8237858095?profile=RESIZE_710xThe Brontosaurus can grind trees into mulch, remove lower limbs or clear underbrush as a supplement to controlled fires in South County scrub areas. Tim Stepien/The Coastal Star

By Deborah S. Hartz-Seeley

If Harper Carroll had his druthers, he’d be setting fires. Not just any fires, but carefully controlled burns in our local scrub areas, including Hypoluxo, Rosemary, Seacrest, Yamato and High Ridge.

“Fire is as important as water in maintaining Florida’s habitats. It equals everything out,” says Carroll, who oversees 31,000 acres of natural area in Palm Beach County as supervisor for prescribed fire and fuels management at the Department of Environmental Resources Management.

His appreciation of fire may be surprising, given what runaway wildfires did in California and Colorado this past summer.

8237867865?profile=RESIZE_710xBut Carroll’s burns are anything but runaway.

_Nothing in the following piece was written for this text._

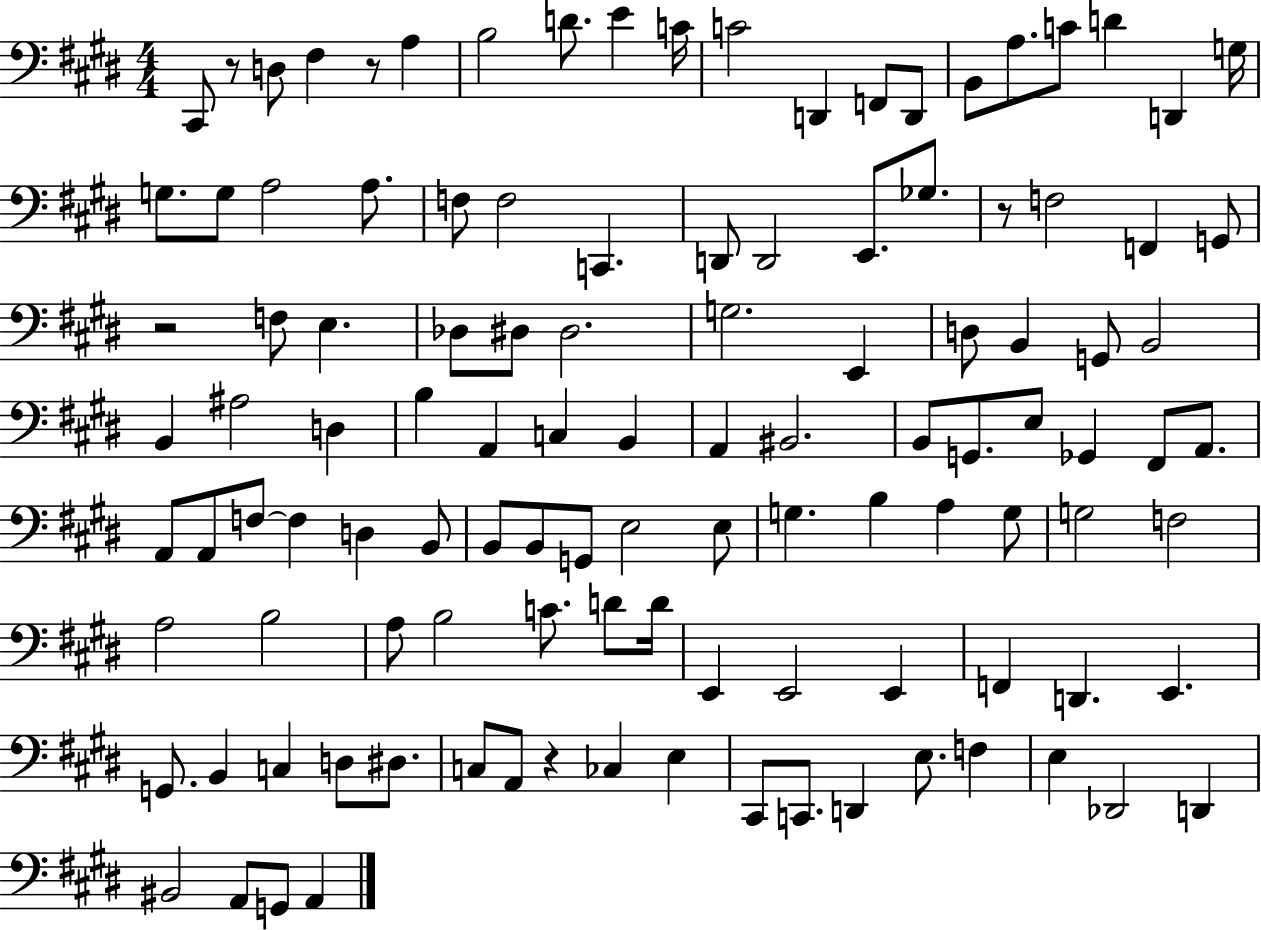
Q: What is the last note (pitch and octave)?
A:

They are carefully planned, supervised and certified by the Florida Fire Service, which annually allows landowners to burn more than 2 million acres statewide.

“Used wisely, fire is just like mowing the grass or weeding the garden. It cleans out the habitat and opens it to regrowth,” says Carroll, who in a busy year has planned and overseen 18 burns, predominantly in the northwestern part of the county.

That’s where preserves such as Hungryland and Loxahatchee sloughs are isolated enough for Carroll to burn there every two to three years.

“Flames aren’t the main concern with prescribed burns. It’s where to put the smoke,” says Carroll.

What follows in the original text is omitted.